Prompt:
Start at the line below containing "by Fernando Pessoa" and stop at the line containing "Hoàn trả siêu". Repeat every line of that stretch exactly, and nothing outside it.

Source information:
[Start of section]
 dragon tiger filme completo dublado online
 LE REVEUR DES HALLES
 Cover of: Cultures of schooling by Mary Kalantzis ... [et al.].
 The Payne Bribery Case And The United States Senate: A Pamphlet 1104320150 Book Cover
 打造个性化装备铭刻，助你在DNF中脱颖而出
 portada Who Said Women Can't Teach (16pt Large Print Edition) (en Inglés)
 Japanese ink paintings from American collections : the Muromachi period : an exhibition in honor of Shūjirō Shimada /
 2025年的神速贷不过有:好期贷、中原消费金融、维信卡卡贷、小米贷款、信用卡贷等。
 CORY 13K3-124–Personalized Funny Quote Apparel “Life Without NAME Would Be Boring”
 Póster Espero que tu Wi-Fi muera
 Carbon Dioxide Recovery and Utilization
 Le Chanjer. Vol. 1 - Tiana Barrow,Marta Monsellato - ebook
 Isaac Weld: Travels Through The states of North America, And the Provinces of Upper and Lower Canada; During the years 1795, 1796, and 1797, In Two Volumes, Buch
[End of section]
[Start of section]
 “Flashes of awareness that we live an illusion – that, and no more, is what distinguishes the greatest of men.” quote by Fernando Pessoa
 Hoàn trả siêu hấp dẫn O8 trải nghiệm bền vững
[End of section]
The completed task:
 “Flashes of awareness that we live an illusion – that, and no more, is what distinguishes the greatest of men.” quote by Fernando Pessoa
 Hoàn trả siêu hấp dẫn O8 trải nghiệm bền vững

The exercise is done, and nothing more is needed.